The KKT conditions are:

Stationarity: $$ \begin{aligned} &\frac{\partial}{\partial \beta_L} \left[ \frac{1}{2} \rvert \rvert\beta \rvert \rvert_2^2 + C \sum_{i = 1}^N \xi_i + \sum_{i = 1}^N \lambda_i \left(1 - \xi_i - y_i (\mathbf{x}_i^\top \beta + \beta_0) \right) - \sum_{i = 1}^N \mu_i \xi_i \right] = \mathbf{0}_{p + 1} \\ &\frac{\partial}{\partial \xi} \left[ \frac{1}{2} \rvert \rvert\beta \rvert \rvert_2^2 + C \sum_{i = 1}^N \xi_i + \sum_{i = 1}^N \lambda_i \left(1 - \xi_i - y_i (\mathbf{x}_i^\top \beta + \beta_0) \right) - \sum_{i = 1}^N \mu_i \xi_i \right] = C\mathbf{1}_N - \mu \end{aligned} $$
Primal Feasibility: $$y_i(\mathbf{x}_i^\top \beta + \beta_0) - ( 1- \xi_i ) \geq 0 \text{ } \forall i = 1, \dots, N$$
Dual Feasibility: $$\mu_i \xi_i \geq 0 \text{ } \forall i = 1, \dots, N$$
Complementary Slackness: $$\lambda_i \left( y_i(\mathbf{x}_i^\top \beta + \beta_0) - (1 - \xi_i)\right) = 0 \text{ } \forall i = 1, \dots, N$$

By a similar argument to the SVC case, the optimal $\beta$ is given by:

\[\hat{\beta} = \sum_{i = 1}^N \lambda_i y_i \mathbf{x}_i\]

By the complementary slackness requirement, $\lambda_i > 0$ only for those points $\mathbf{x}_i$ that satisfy:

\[y_i(\mathbf{x}_i^\top \beta + \beta_0) = 1 - \xi_i\]

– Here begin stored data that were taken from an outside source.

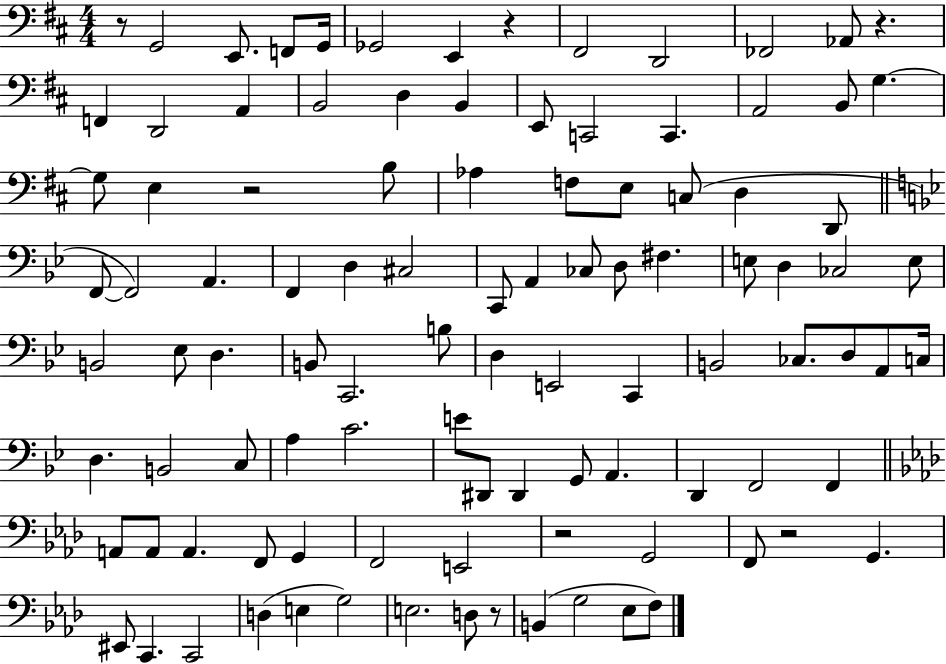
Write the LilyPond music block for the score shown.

{
  \clef bass
  \numericTimeSignature
  \time 4/4
  \key d \major
  r8 g,2 e,8. f,8 g,16 | ges,2 e,4 r4 | fis,2 d,2 | fes,2 aes,8 r4. | \break f,4 d,2 a,4 | b,2 d4 b,4 | e,8 c,2 c,4. | a,2 b,8 g4.~~ | \break g8 e4 r2 b8 | aes4 f8 e8 c8( d4 d,8 | \bar "||" \break \key bes \major f,8~~ f,2) a,4. | f,4 d4 cis2 | c,8 a,4 ces8 d8 fis4. | e8 d4 ces2 e8 | \break b,2 ees8 d4. | b,8 c,2. b8 | d4 e,2 c,4 | b,2 ces8. d8 a,8 c16 | \break d4. b,2 c8 | a4 c'2. | e'8 dis,8 dis,4 g,8 a,4. | d,4 f,2 f,4 | \break \bar "||" \break \key aes \major a,8 a,8 a,4. f,8 g,4 | f,2 e,2 | r2 g,2 | f,8 r2 g,4. | \break eis,8 c,4. c,2 | d4( e4 g2) | e2. d8 r8 | b,4( g2 ees8 f8) | \break \bar "|."
}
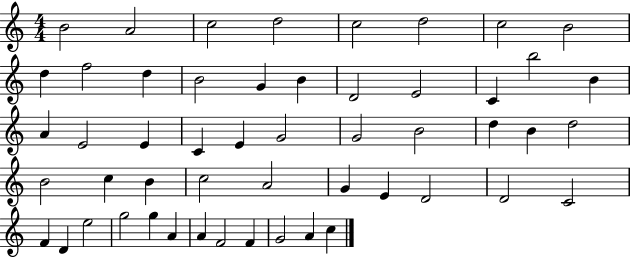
B4/h A4/h C5/h D5/h C5/h D5/h C5/h B4/h D5/q F5/h D5/q B4/h G4/q B4/q D4/h E4/h C4/q B5/h B4/q A4/q E4/h E4/q C4/q E4/q G4/h G4/h B4/h D5/q B4/q D5/h B4/h C5/q B4/q C5/h A4/h G4/q E4/q D4/h D4/h C4/h F4/q D4/q E5/h G5/h G5/q A4/q A4/q F4/h F4/q G4/h A4/q C5/q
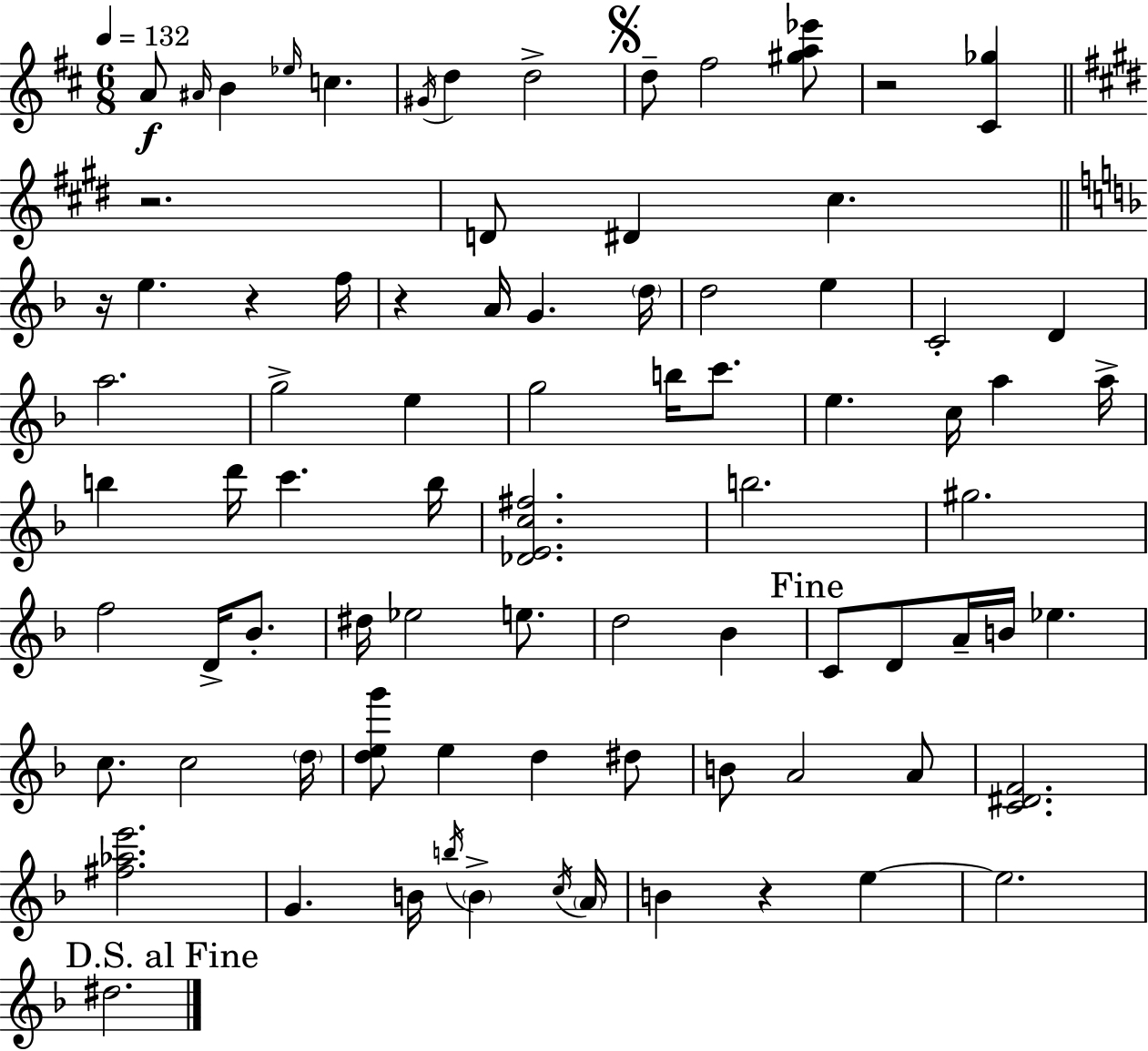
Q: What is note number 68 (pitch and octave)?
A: E5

These are called support vectors, and those with $\xi_i = 0$ will lie exactly on the margin. If $\lambda_i = C$, then if $\xi_i \leq 1$, the point will lie within the margin but be classified correctly. Otherwise, it is incorrectly classified.

The support vector machine is the classifier:

\[\begin{aligned} G(\mathbf{x}) &= \text{sign} \left( \mathbf{x}^\top \hat{\beta} + \hat{\beta}_0 \right) \\ &= \text{sign} \left( \mathbf{x}^\top \sum_{i = 1}^N \lambda_i y_i\mathbf{x}_i + \hat{\beta}_0 \right) \\ &= \text{sign} \left( \sum_{i = 1}^N \lambda_i y_i \mathbf{x}^\top \mathbf{x}_i + \hat{\beta}_0 \right) \\ \end{aligned}\]

where $C$ is left as a tuning parameter, and $\hat{\beta}$ and $\hat{\beta}_0$ are the solutions to Eq. \eqref{eq:svm-2}.

Extensions

The SVM can be extended beyond the inner product with respect to the Euclidean norm via the kernel trick. The classifier then becomes:

\[G(\mathbf{x}) = \text{sign} \left( \sum_{i = 1}^N \lambda_i y_i \mathcal{K}(h(\mathbf{x}), h(\mathbf{x}_i)) + \beta_0 \right)\]

for some choice of symmetric positive semi-definite kernel function $\mathcal{K}(\cdot, \cdot)$.